New Meaning to the Old Adage "Don't Play with Your Food"
At one time food was considered a poor speculative investment, because it was too perishable to be stored until market conditions were right for resale. But that changed with the development of ETFs (exchange-traded funds) and other financial innovations.
As first devised, speculation in food futures was fairly innocuous, since when the contract expired, somebody actually had to buy the product at the "spot" or cash price. This forced the fanciful futures price and the more realistic spot price into alignment. But that changed in 1991. In a revealing July 2010 report in Harper's Magazine titled "The Food Bubble: How Wall Street Starved Millions and Got Away with It," Frederick Kaufman wrote:
The history of food took an ominous turn in 1991, at a time when no one was paying much attention.
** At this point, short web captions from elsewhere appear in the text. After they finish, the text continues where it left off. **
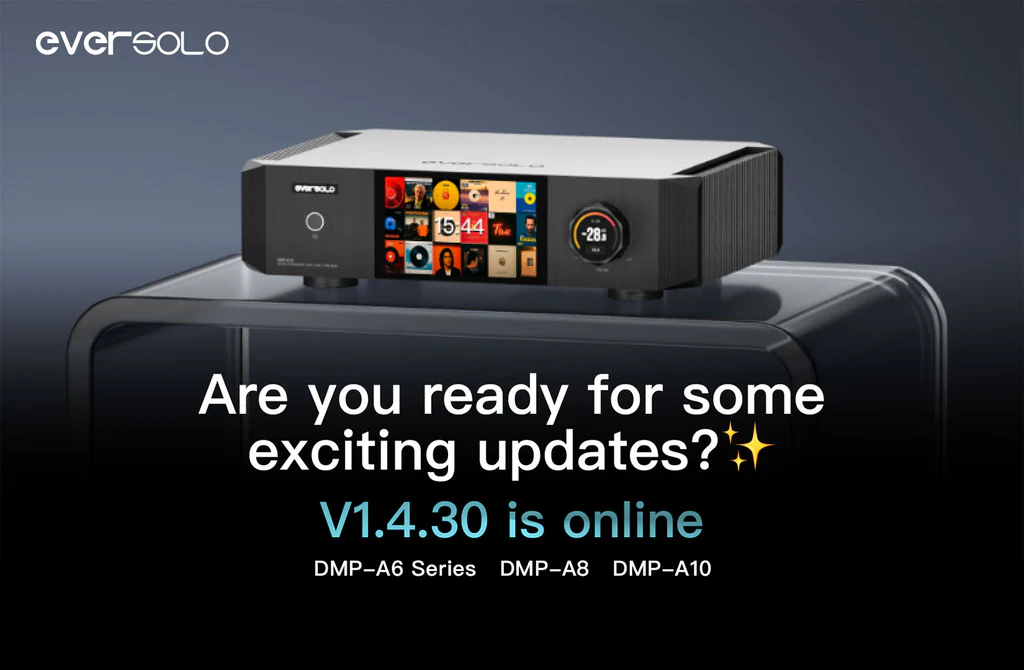 New Version v1.4.30 For DMP Series is Live!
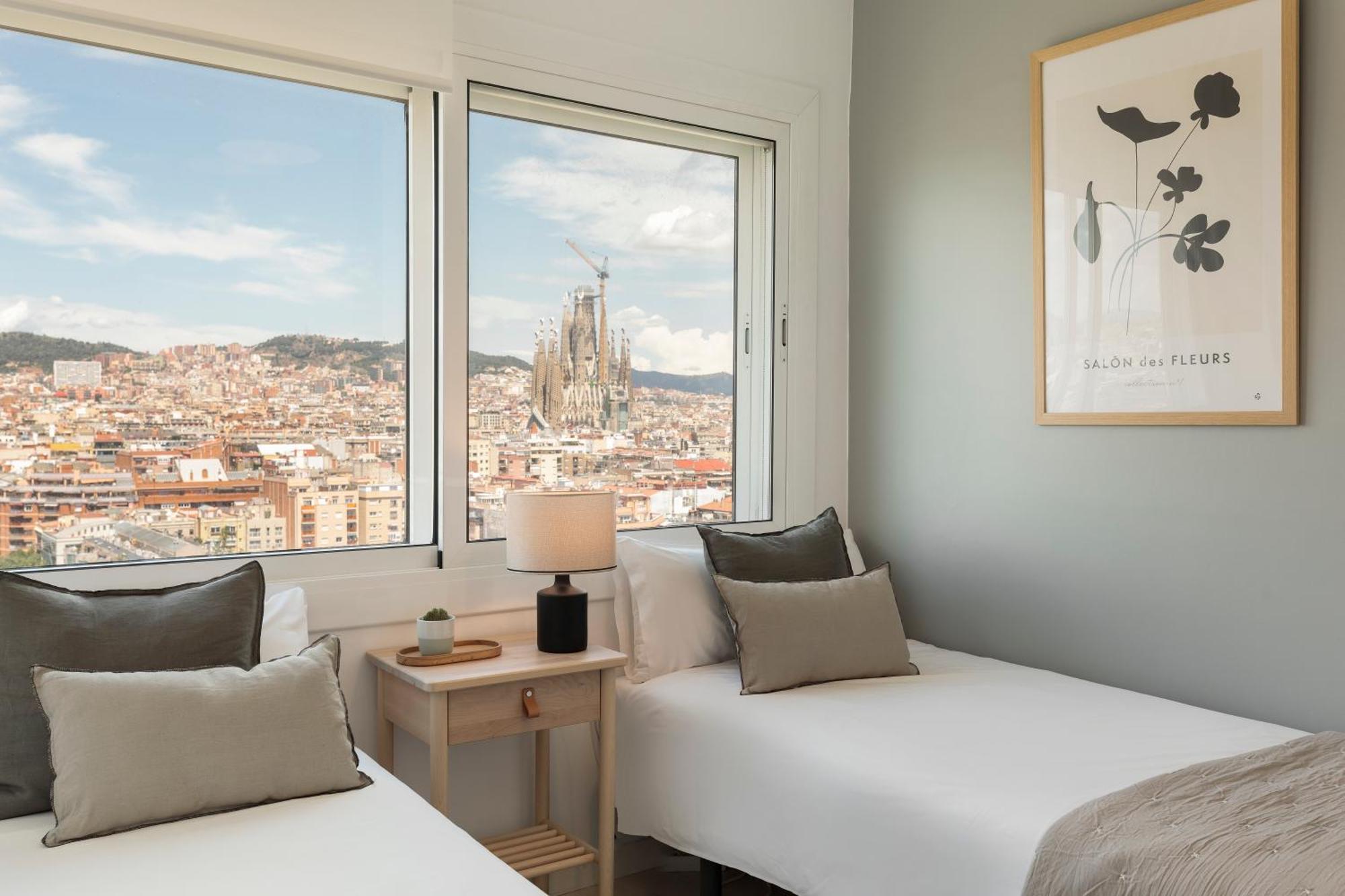 Appartement Click&Flat Luxury Tetuan à Barcelone Extérieur photo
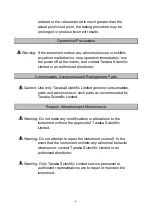 Preview for 6 page of Tanaka MPC-102A Instruction Manual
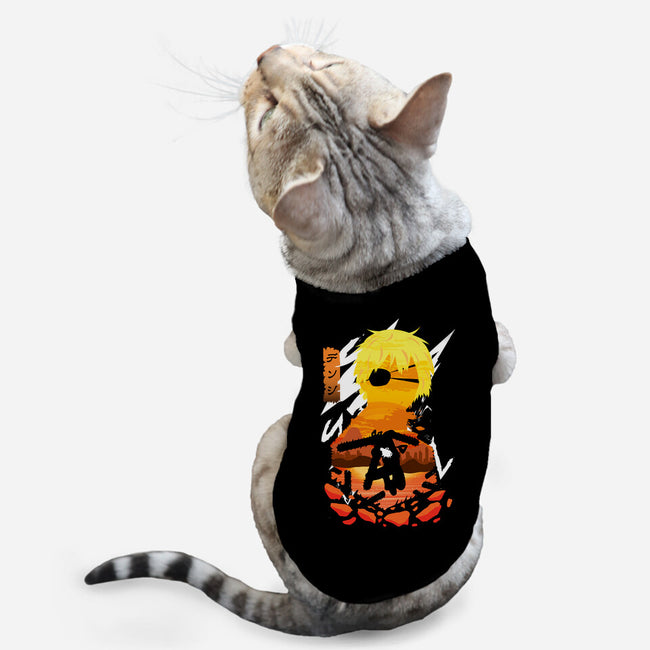 Chainsaws-cat basic pet tank-SwensonaDesigns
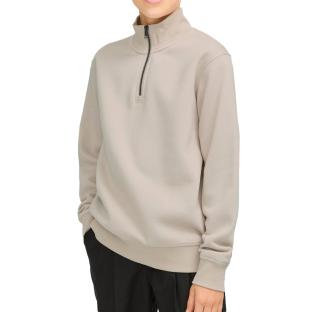 Sweat Beige Garçon Jack & Jones Bradley 12274854 pas cher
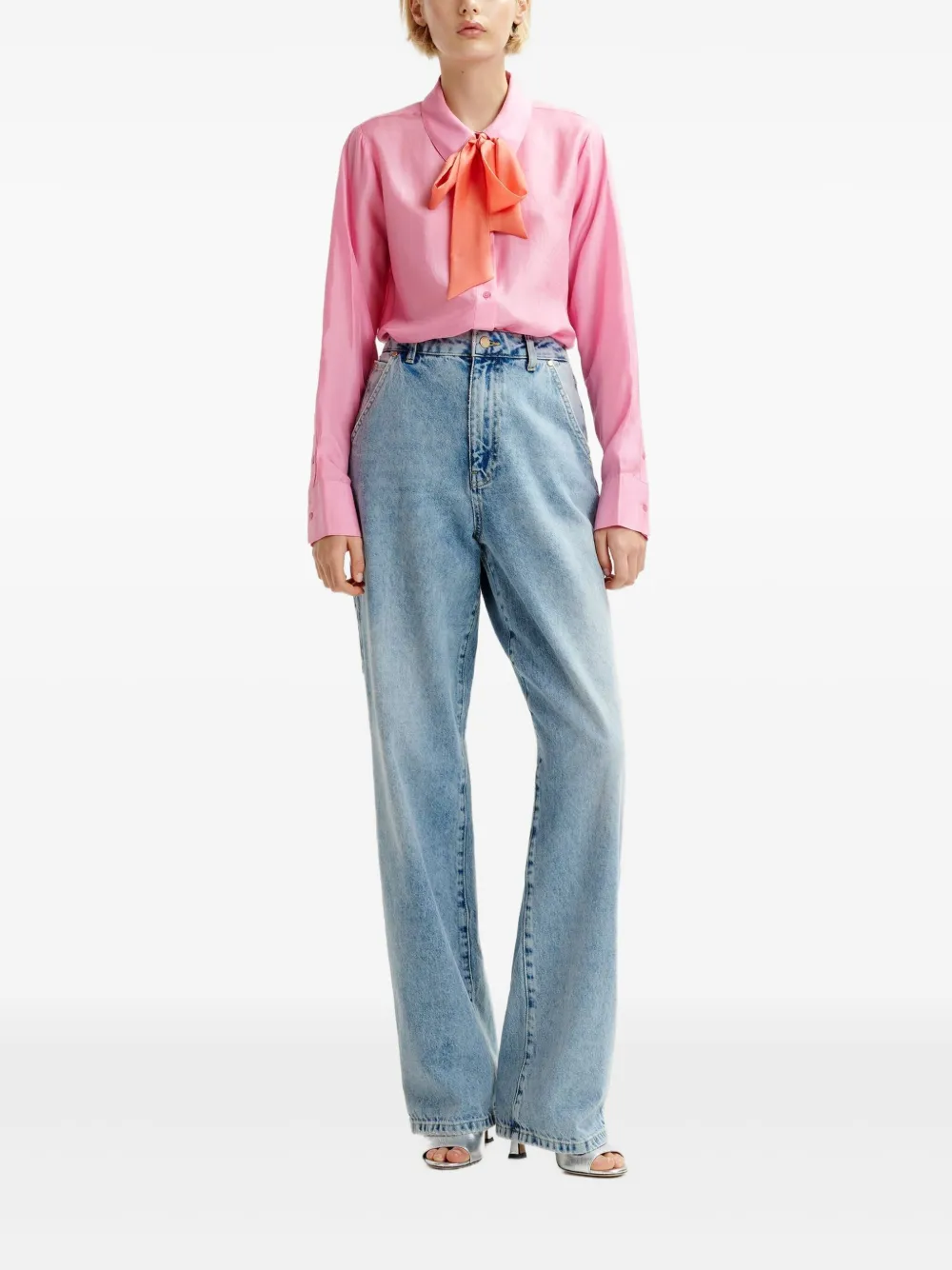 Essentiel Antwerp Hensley blouse - Roze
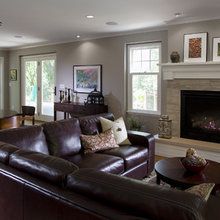 Fireplace or Built Ins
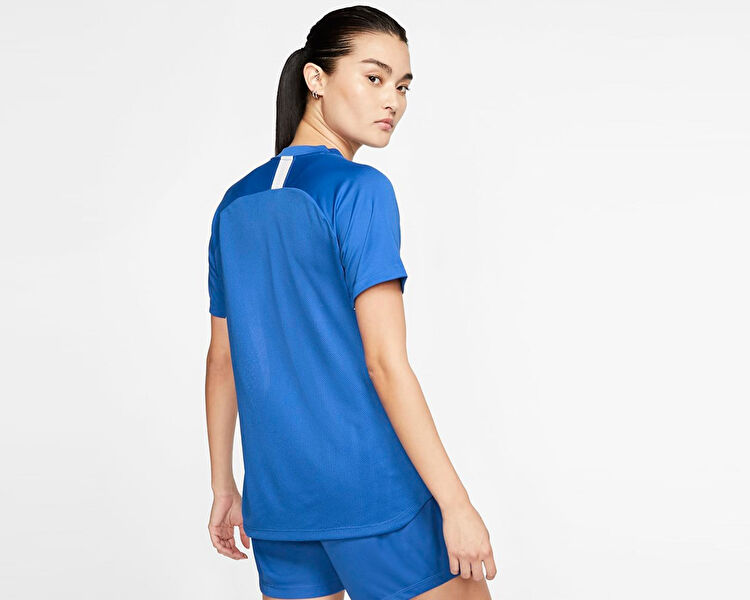 W NK DRY ACDMY19 TOP SS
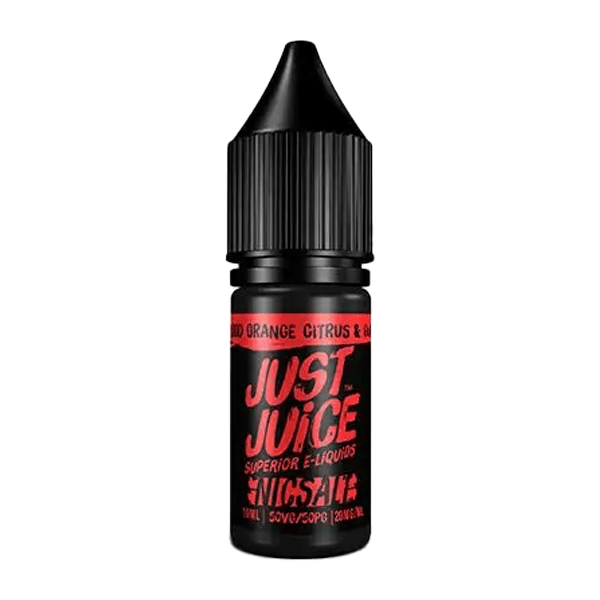 Blood Orange Citrus Guava Nic Salt E-Liquid By Just Juice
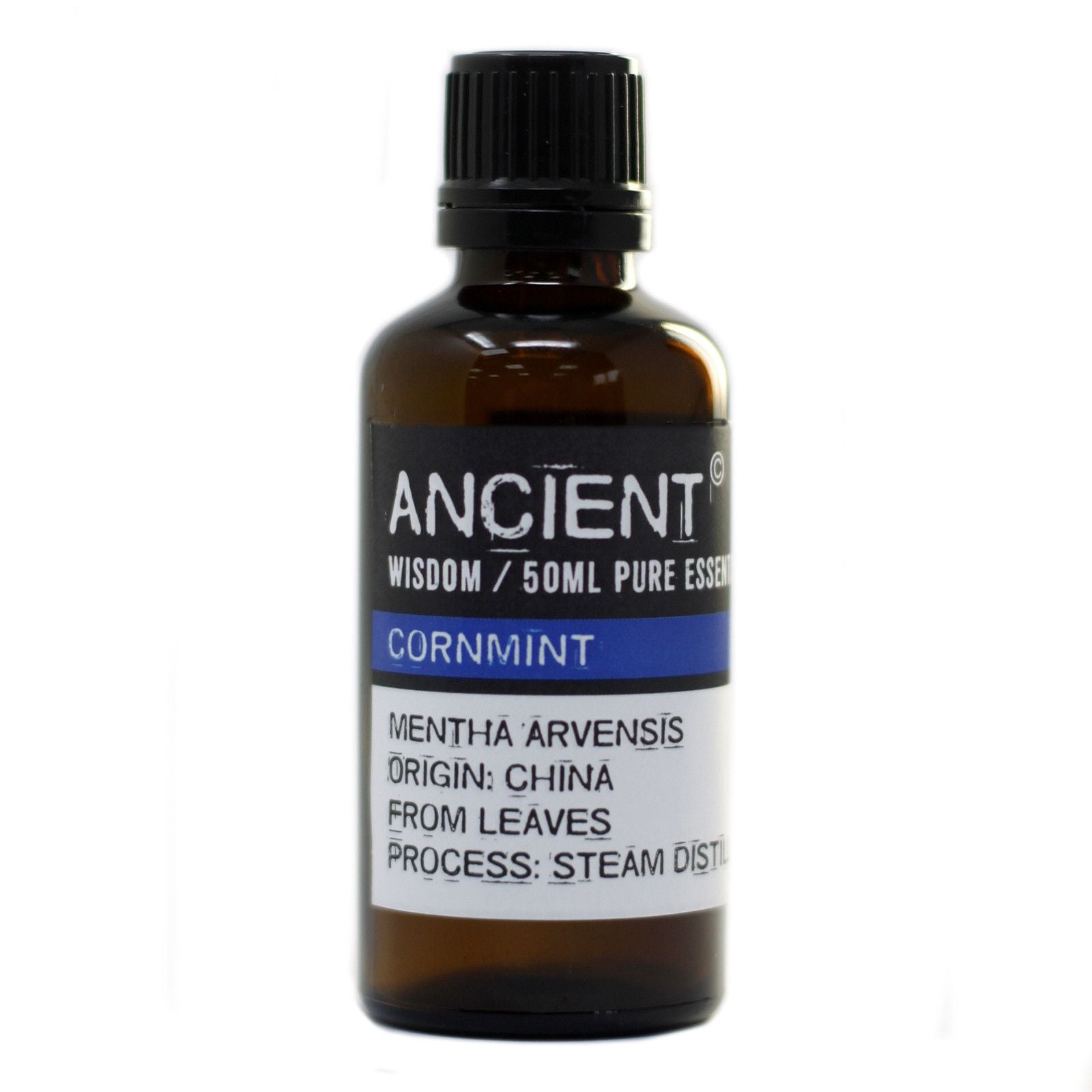 Óleo Essencial Menta Arvensis 50ml - Hoc Sensu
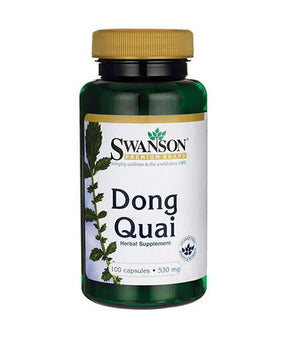 Dong Quai Root 530 mg - 100 capsules - Nutra Best Europe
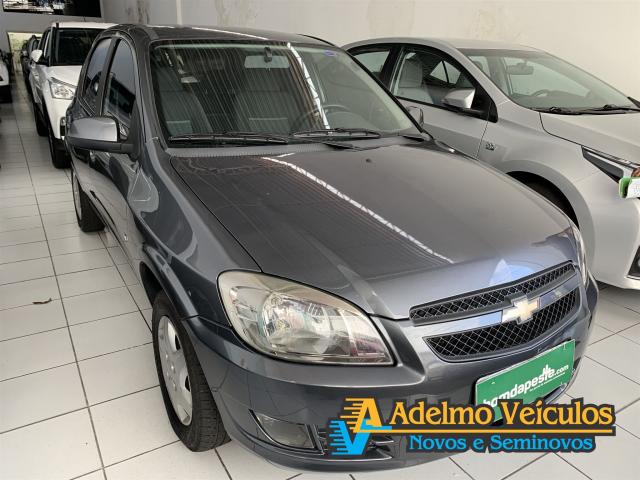 Chevrolet celta 2011/2012 1.0 mpfi lt 8v flex 4p manual
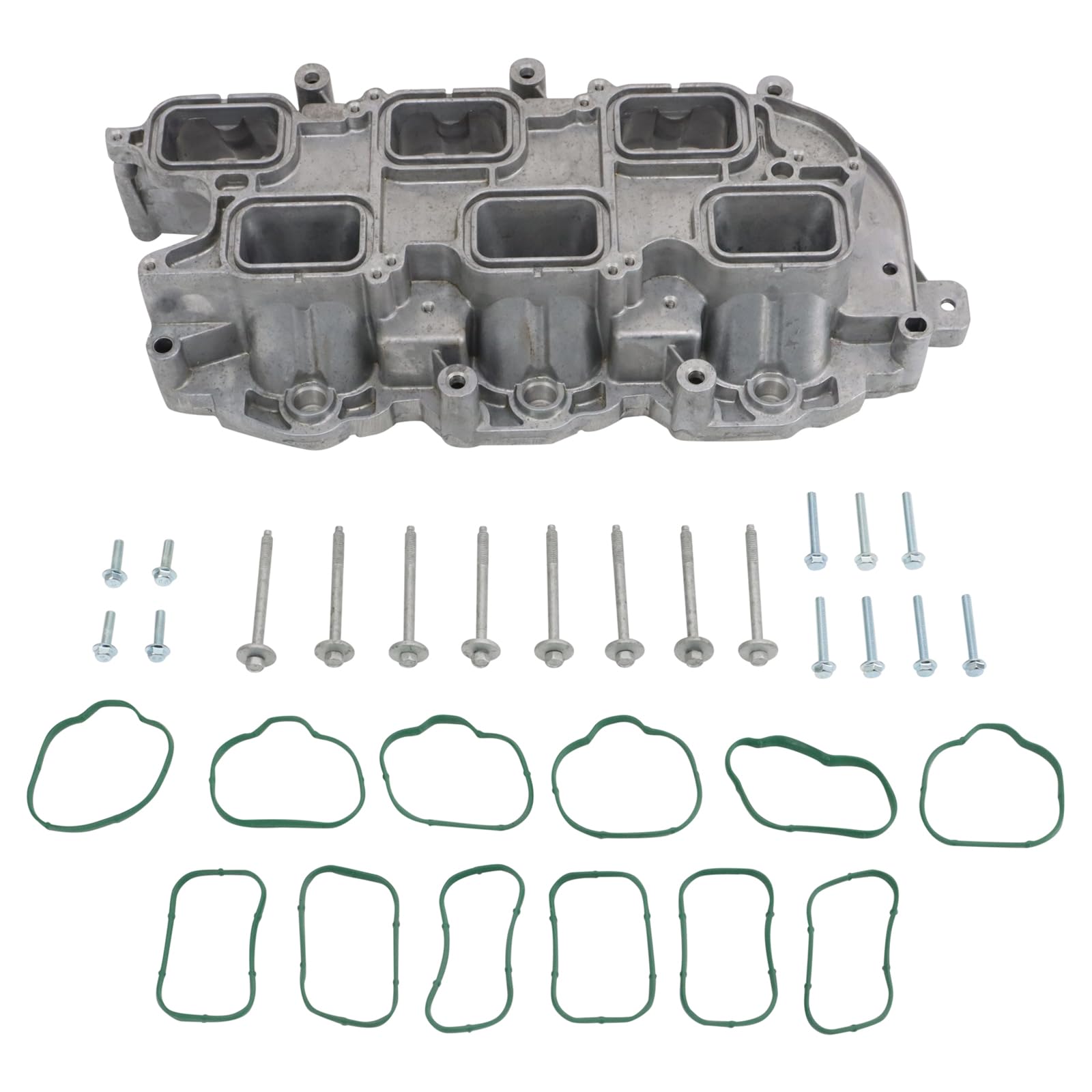 TRQ Lower Intake Manifold Compatible with 13-18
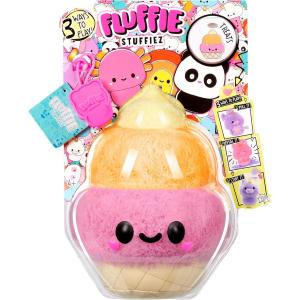 FLUFFIE STUFFIEZ SMALL PLUSH GELATO ROSA E GIALLO MINI PELUCHE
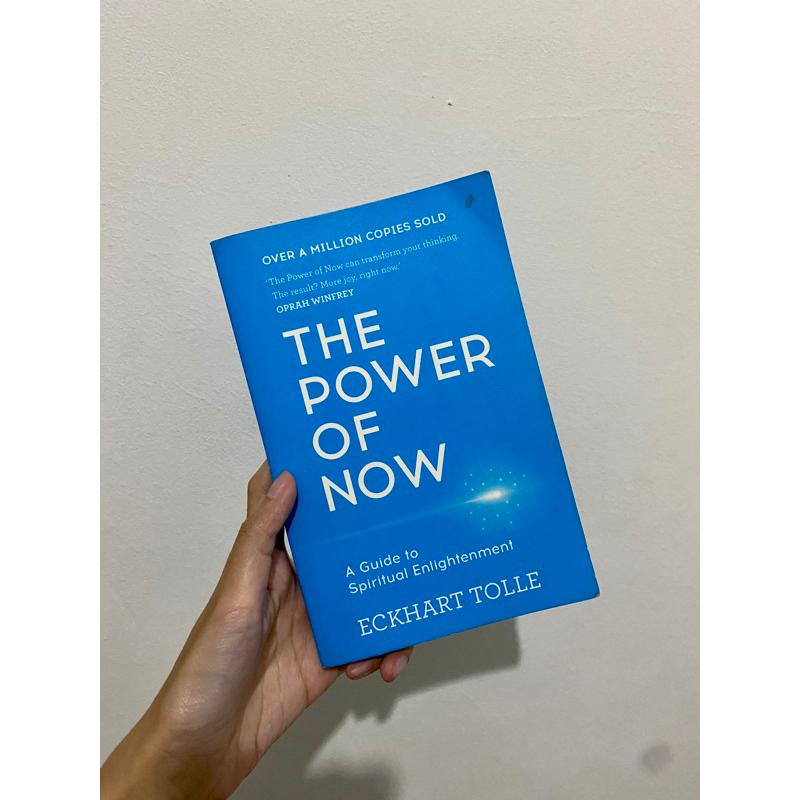 

The Power of Now: A Guide to Spiritual Enlightenment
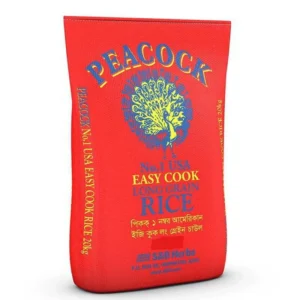 Peacock Rice - Easy Cook 5kg x 1
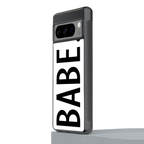 babe back phone cover | glass case for google pixel 8 pro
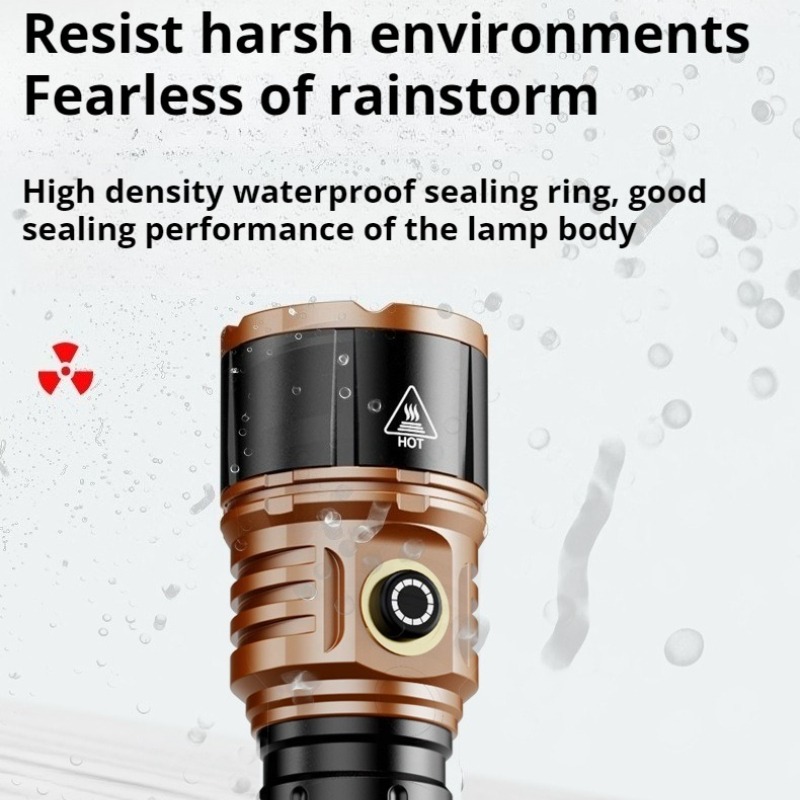 Torcia LED ad Alta Potenza con - Outdoor Lighting Lanterns recensione e prezzo
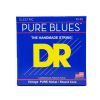 Струны для гитары DR Strings PURE BLUES Electric Guitar Strings - Medium (10-46) (PHR-10)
That was the year Goldman Sachs decided our daily bread might make an excellent investment. . . .
Robber barons, gold bugs, and financiers of every stripe had long dreamed of controlling all of something everybody needed or desired, then holding back the supply as demand drove up prices.
As Kaufman explained this financial innovation in a July 16 interview on Democracy Now:
Goldman . . . came up with this idea of the commodity index fund, which really was a way for them to accumulate huge piles of cash for themselves. . . . Instead of a buy-and-sell order, like everybody does in these markets, they just started buying. It's called "going long." They started going long on wheat futures. . . . And every time one of these contracts came due, they would do something called "rolling it over" into the next contract. . . . And they kept on buying and buying and buying and buying and accumulating this historically unprecedented pile of long-only wheat futures. And this accumulation created a very odd phenomenon in the market. It's called a "demand shock." Usually prices go up because supply is low . . . . In this case, Goldman and the other banks had introduced this completely unnatural and artificial demand to buy wheat, and that then sent the price up. . . . [H]ard red wheat generally trades between $3 and $6 per sixty-pound bushel. It went up to $12, then $15, then $18. Then it broke $20. And on February 25th, 2008, hard red spring futures settled at $25 per bushel. . . . [T]he irony here is that in 2008, it was the greatest wheat-producing year in world history.
. . . [T]he other outrage . . . is that at the time that Goldman and these other banks are completely messing up the structure of this market, they've protected themselves outside the market, through this really almost diabolical idea called "replication" . . . . Let's say, . . . you want me to invest for you in the wheat market. You give me a hundred bucks . . . . [W]hat I should be doing is putting a hundred bucks in the wheat markets. But I don't have to do that. All I have to do is put $5 in. . . . And with that $5, I can hold your hundred-dollar position. Well, now I've got ninety-five of your dollars. . . . [W]hat Goldman did with hundreds of billions of dollars, and what all these banks did with hundreds of billions of dollars, is they put them in the most conservative investments conceivable. They put it in T-bills. . . . [N]ow that you have hundreds of billions of dollars in T-bills, you can leverage that into trillions of dollars. . . . And then they take that trillion dollars, they give it to their day traders, and they say, "Go at it, guys. Do whatever is most lucrative today." And so, as billions of people starve, they use that money to make billions of dollars for themselves.
Other researchers have concurred in this explanation of the food crisis. In a July 2010 article called "How Goldman Sachs Gambled on Starving the World's Poor - And Won," journalist Johann Hari observed:
Beginning in late 2006, world food prices began rising. A year later, wheat price had gone up 80 percent, maize by 90 percent and rice by 320 percent. Food riots broke out in more than 30 countries, and 200 million people faced malnutrition and starvation. Suddenly, in the spring of 2008, food prices fell to previous levels, as if by magic. Jean Ziegler, the UN Special Rapporteur on the Right to Food, has called this "a silent mass murder", entirely due to "man-made actions."